Halk olarak ise; atı en iyi yetiştiren, madenleri çok güzel işleyen, dotlarına karşı sevgi dolu, düşmanlarına karşı da savaşlarda acımasız, ama barışta yardımcı insanlar olarak tarihe geçtiler.
Romalıların imparatorluk kurdukları dönemde tarih sahnesine çıkan Türkler, Romalıların aksine hiç köle kullanmadılar. Eski Türkçe’de köle anlamına gelen söz yoktur. Romalılarda görülen köle kullanma alışkanlığı, Batı dünyasında ABD’deki Zenci kölelere kadar sürdü. Kölelik Araplarda da görüldü. Roma’da ünlü Spartacusisyanı (M.Ö. 73-71), Araplardaki zenci kölelerin yaptıkları Zenc isyanı (883), insanların kölelere karşı sert davranışlarının dayanılmazlığını gösterir. Nitekim Mehmet Ali Ağaoğulları ve Levent Köker (s.37), Spartacus öldürüldükten sonra yakalanan 6.000 isyancı kölenin Roma’dan Capua’ya kadar uzanan Appia yolu üzerinde çarmıha gerildiğini anlatır. Zenc isyanı konusunda kitabın Abbasi Hilafet ordusunda Türkler bölümünde daha geniş bilgi verildi. (Gemilerdeki forsalar ve Haremdeki bazı hizmetliler hariç köle kullanmayan Türkler, bazen şahıslar olarak kendileri köle durumuna düşmüşlerdir. Fakat tarihte, kölelikten komutanlığa yükselmiş ve yeni iki devlet kurmayı başarmışlardır.)

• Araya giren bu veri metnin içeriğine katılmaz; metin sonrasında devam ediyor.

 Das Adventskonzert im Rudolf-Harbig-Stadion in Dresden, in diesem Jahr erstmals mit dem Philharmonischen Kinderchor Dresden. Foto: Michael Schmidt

İnsanların bir kısmına köle muamelesi yapan Romalılar ve Araplar Tarih boyunca bir defa imparatorluk kurabilmişlerdir. Buna karşılık Türklerin savaşçılıklarına ilaveten sahip oldukları insanlık anlayışları, hoşgörüleri, onların sürekli imparatorluk kurarak gittikleri yeni yerlerde dahi yönetici olmalarını sağlamıştır.

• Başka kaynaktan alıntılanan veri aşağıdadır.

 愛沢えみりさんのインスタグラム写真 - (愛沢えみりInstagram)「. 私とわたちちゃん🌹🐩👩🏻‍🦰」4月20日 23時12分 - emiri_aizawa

TÜRKLER TARİH SAHNESİNDE FIRTINA GİBİ ESİYOR
Büyük Hun Türk İmparatorluğu ile tarih sahnesine hızla giren Türkler, kısa bir süre içerisinde ve aynı anda Macaristan’da, Çin’de ve Kâbil’de hüküm sürdüler.
AVRUPA HUN TÜRK İMPARATORLUĞU
Roma İmparatorluğunun çağdaşı olan ve Asya’da büyük bir imparatorluk kuran Hun Türkleri, Çinlilerin entrikalarına kapılan önderlerinin birbirlerine düşmeleri sonucu parçalandılar. Güneye, güney-batıya ve kuzey-batıya doğru guruplar halinde dağıldılar. Kuzey-batıya gidenler Balamir komutasında 374-375 yıllarında Don ve Dinyeper (Özü) nehirlerini aşarak Avrupa’ya yöneldiler. Gittikleri bölgelerdeki Germenleri ve diğer birçok kavimleri batıya doğru itelediler. Bu olay tarihe Kavimler Göçü olarak geçti.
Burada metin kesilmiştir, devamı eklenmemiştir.